Victoria Park Collegiate Institute (commonly known as Victoria Park C.I., Victoria Park, Vic Park, VP, and VPCI); formerly Victoria Park Secondary School, is a collegiate institute in Toronto, Ontario, Canada. It is located south of York Mills Road and west of Victoria Park Ave. in the district of North York. It is the first publicly funded school in Ontario to host the International Baccalaureate Diploma Programme. Authorized to offer the IB Diploma Programme since July 1987, the programme is taught in English. The school is open to male and female students. Some feeder schools include Milne Valley Middle School and Donview Middle School. The student population of Victoria Park Collegiate Institute is diverse, with a component of English as Second Language students (over 30%).

History
Victoria Park Collegiate Institute was officially opened to students in 1960.

Approximately two decades after its founding, Victoria Park C.I. became the first public school within Ontario to offer the International Baccalaureate Program.

In the late 2000s, a fitness center was opened which goes by the name of "Brian Maxwell Fitness Centre". This was to dedicate Brian Maxwell and his contributions to this school, as well as his passing in 2004.

Throughout 2016-2018, many renovations had occurred in the school with new additions such as a new and improved resource room, a remodeled gym, an improved track field, revamped parking lots, a cell phone charging station, and repainted walls/doors.

Academical achievements

Provincial assessment
For the year 2010/2011,
Grade 9 EQAO Mathematics assessment: 89% of all students were at or above the provincial standard (level 3 and above), compared with 81% for the Toronto District School Board.
Grade 10 Ontario Secondary School Literacy Test: 86% of first-time eligible students who participated fully successfully passed the assessment, compared with 81% for the Toronto District School Board.

International Baccalaureate program 

Victoria Park C.I. was the first public school in Ontario to offer the International Baccalaureate Diploma Program, beginning in 1987. Grade nine and ten students are admitted into a pre-IB program at Victoria Park where they are given the opportunity to gauge the IB curriculum.
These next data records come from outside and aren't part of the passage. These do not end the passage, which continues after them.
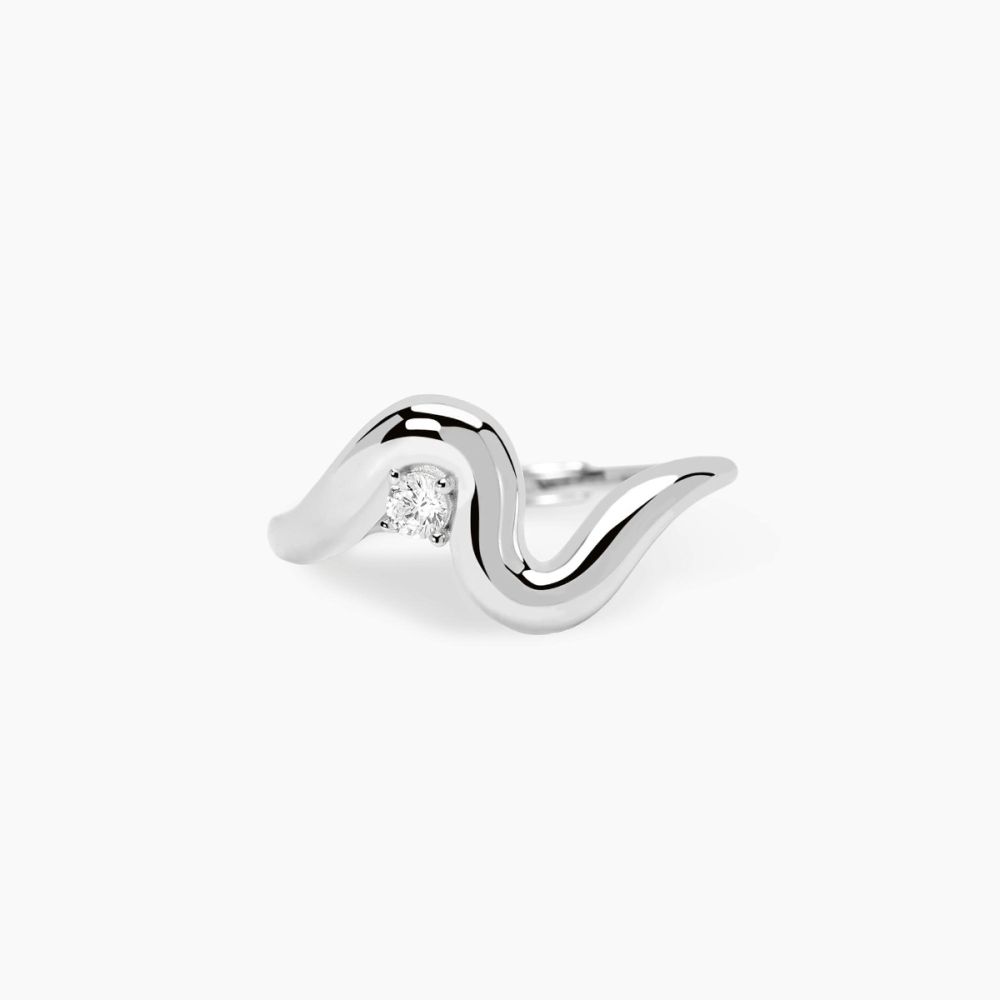 Mabina Anello Wavy  Argento con Zircone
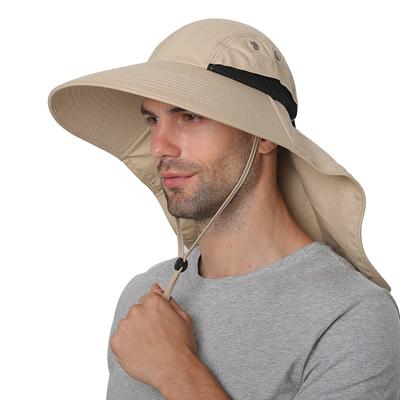 Chapeau de soleil d'été hommes femmes chapeau Boonie en coton avec rabat de cou Protection UV extérieure grand bord Large randonnée pêche Safari chapeau seau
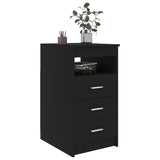 Drawer Cabinet Black 40x50x76 cm Engineered Wood - Side View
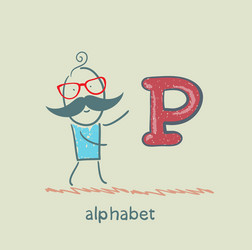 Man standing with a letter of the alphabet vector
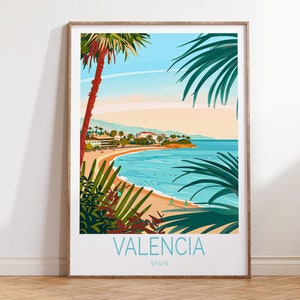 Valencia Custom Travel Poster, Valencia Spain Travel Wall Art, Spain Coastal Print, Home Decor Gifts, Birthday Present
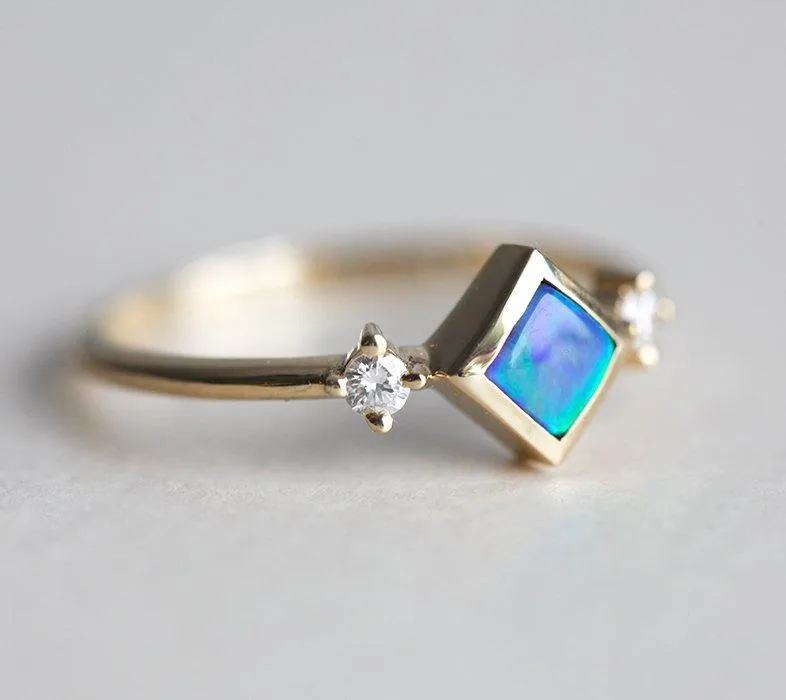 Adora Square Opal Ring view 2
Individuals who wish to apply for the pre-IB program must complete a math test and then write a student application essay of 400-500 words. Afterwards, the applicant must attend an interview with the IB Coordinator in order to complete the application process.

IB graduates from Victoria Park C.I. consistently score in the top 10% worldwide, with many individuals in the top 5%. In the graduating class of 2013, 16 students out of 94 achieved a total score of 40 points or above, including one student who scored 44 points.

Sports, teams, and clubs
Sports offered at Victoria Park C.I. include:
Curling
Baseball
 The Varsity Boys' Baseball offered again in the 2006-2007 school year
Volleyball
Soccer
Archery
 The archery team was started in 2002 and has won a medal every year since 2003.
 Girls' Field Hockey
Tennis
Ultimate Frisbee
Badminton
Rugby
 Resumed in the fall of 2010 after a 15-year hiatus
Ice Hockey
Aquatics
Basketball
Track and Field
Water Polo
 The Varsity Girls' Water Polo team was the TDSB North Region champion in 2015 and 2016

Competitive clubs include:
Chess
The Senior chess team placed first at the city championships and 2nd overall at the provincial championships in 2009-2010.
In 2018, the Senior chess team took first place again in the Toronto Secondary School Chess League (TSSCL) Team Championships. The junior team tied for first, but placed second on tiebreak.
Robotics
The robotics club has mainly two subdivisions, one for VEX Robotics Competition, and another one for FIRST Robotics Competition.
The FIRST team has won several awards since the year of 2014.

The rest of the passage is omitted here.